Inheritance diagram of gitblobts.exc

Exceptions.

exception gitblobts.exc.BlobError(msg: str)

Bases: gitblobts.exc.StoreError

exception gitblobts.exc.BlobTypeInvalid(msg: str)

Bases: gitblobts.exc.BlobError

exception gitblobts.exc.BlobVersionUnsupported(msg: str)

Bases: gitblobts.exc.BlobError

exception gitblobts.exc.RepoBare(msg: str)

Bases: gitblobts.exc.RepoError

exception gitblobts.exc.RepoDirty(msg: str)

Bases: gitblobts.exc.RepoUnclean

exception gitblobts.exc.RepoError(msg: str)

Bases: gitblobts.exc.StoreError

exception gitblobts.exc.RepoHasUntrackedFiles(msg: str)

Bases: gitblobts.exc.RepoUnclean

exception gitblobts.exc.RepoNoRemote(msg: str)

Bases: gitblobts.exc.RepoError

exception gitblobts.exc.RepoPullError(msg: str)

Bases: gitblobts.exc.RepoTransportError

exception gitblobts.exc.RepoPushError(msg: str)

Bases: gitblobts.exc.RepoTransportError

exception gitblobts.exc.RepoRemoteNotAdded(msg: str)

Bases: gitblobts.exc.RepoNoRemote

exception gitblobts.exc.RepoRemoteNotExist(msg: str)

Bases: gitblobts.exc.RepoNoRemote

exception gitblobts.exc.RepoTransportError(msg: str)

Bases: gitblobts.exc.RepoError

exception gitblobts.exc.RepoUnclean(msg: str)

Bases: gitblobts.exc.RepoError

exception gitblobts.exc.StoreError(msg: str)

Bases: Exception

This is the base exception class in this module.

This exception is not raised directly.

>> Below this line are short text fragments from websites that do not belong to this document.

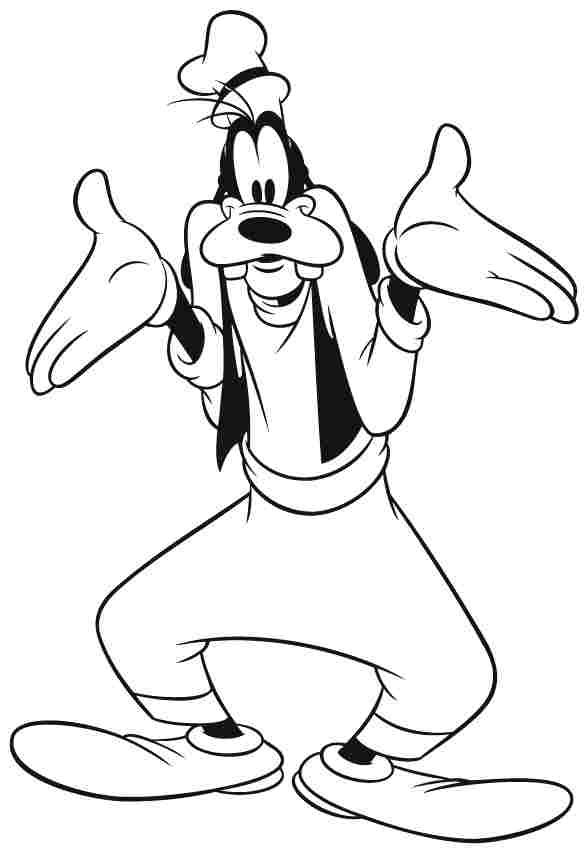 Printable Cartoon Disney Goofy Colouring Pages For Little Kids #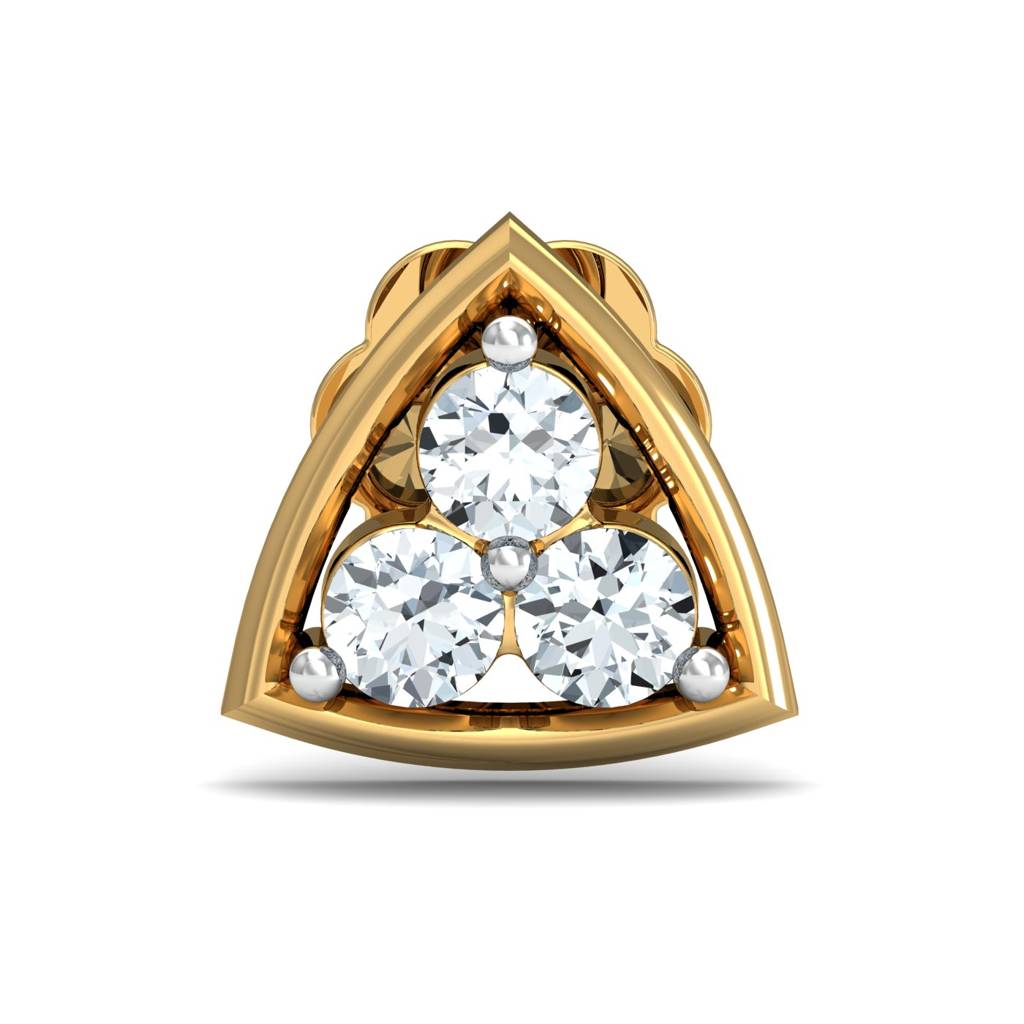 KuberBox 18K Yellow Gold Demira Stud Nose Stud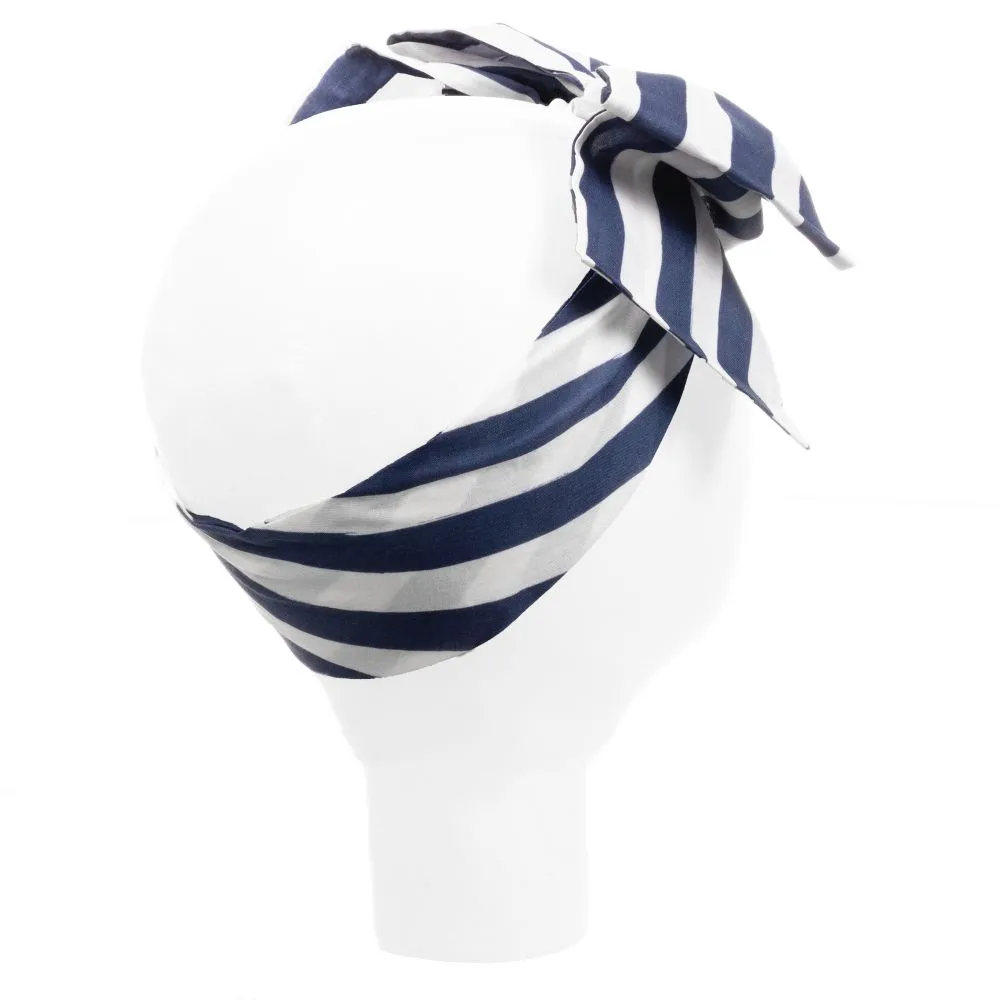 Blue & White Striped Headband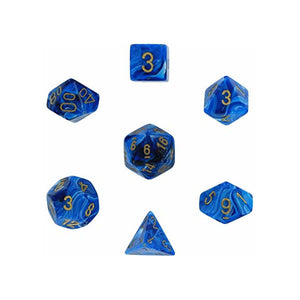 Dice - Chessex Vortex Polyhedral Blue/Gold (7 Dice in Display)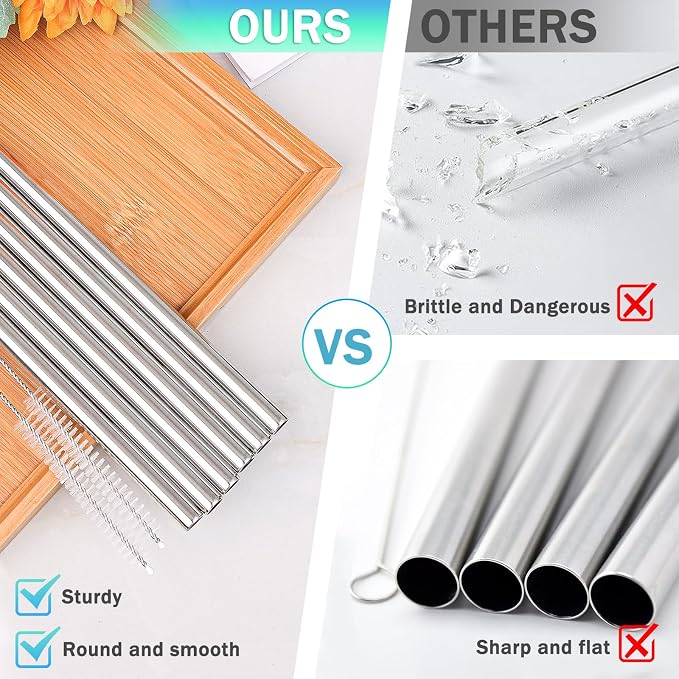 LUCKINEE Replacement Stainless Steel Straws for Stanley IceFlow Tumbler 30 oz, 6 Pack Metal Reusable Straws with 2 Straw Cleaner Brushes for IceFlow Tumbler Accessories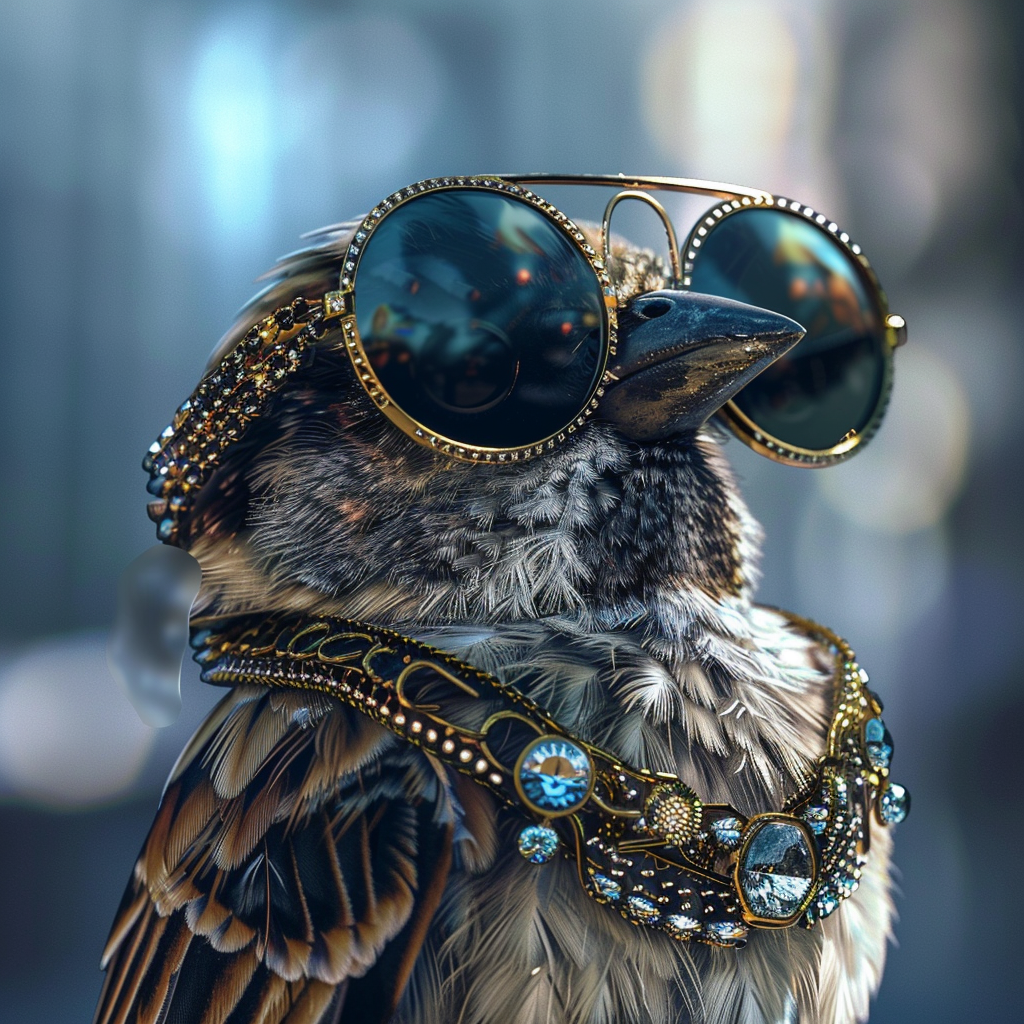 A sparrow donning lavish Swarovski sunglasses and bejeweled accessories, exuding sophistication.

All other exception classes in this module hierarchically derive from it.

Parameters:msg – exception error message.
exception gitblobts.exc.TimeError(msg: str)

Bases: gitblobts.exc.StoreError

exception gitblobts.exc.TimeInvalid(msg: str)

Bases: gitblobts.exc.TimeError

exception gitblobts.exc.TimeUnhandledType(msg: str)

Bases: gitblobts.exc.TimeError

store

class gitblobts.store.Blob(timestamp: float, blob: bytes)

Bases: object

Instances of this class are returned by Store.getblobs().

This class is not meant to be initialized otherwise.

Parameters:
  • timestamp – registered timestamp
  • blob – content
class gitblobts.store.Store(path: Union[str, pathlib.Path], *, compression: Optional[str] = None, key: Optional[bytes] = None)

Bases: object

Initialize the interface to a preexisting cloned git repository.

Parameters:
  • path – path to a preexisting cloned git repository. It must have a valid remote.
  • compression – name of a built-in or third-party importable module with compress and decompress functions, e.g. bz2, gzip, lzma. Once established, this must not be changed for a given repository, failing which file corruption can result.
  • key – optional encryption and decryption key as previously generated by generate_key(). Once established, this must not be changed for a given repository, failing which file corruption can result. The key should be stored safely. If it is lost, it will not be possible to decrypt previously encrypted blobs. If anyone else gains access to it, it can be used to decrypt blobs.
addblob(blob: bytes, timestamp: Union[None, int, float, str, time.struct_time] = None) → None

Add a blob and also push it to the remote repository.

Parameters:
  • blob – bytes representation of text or an image or anything else.
  • timestamp – optional time at which to index the blob, preferably as a Unix timestamp. If a Unix timestamp, it can be positive or negative number of whole or fractional seconds since epoch. This doesn’t have to be unique, and so there can be a one-to-many mapping of timestamp to blobs. If a string, it is parsed using dateparser.parse. If not specified, the current time is used.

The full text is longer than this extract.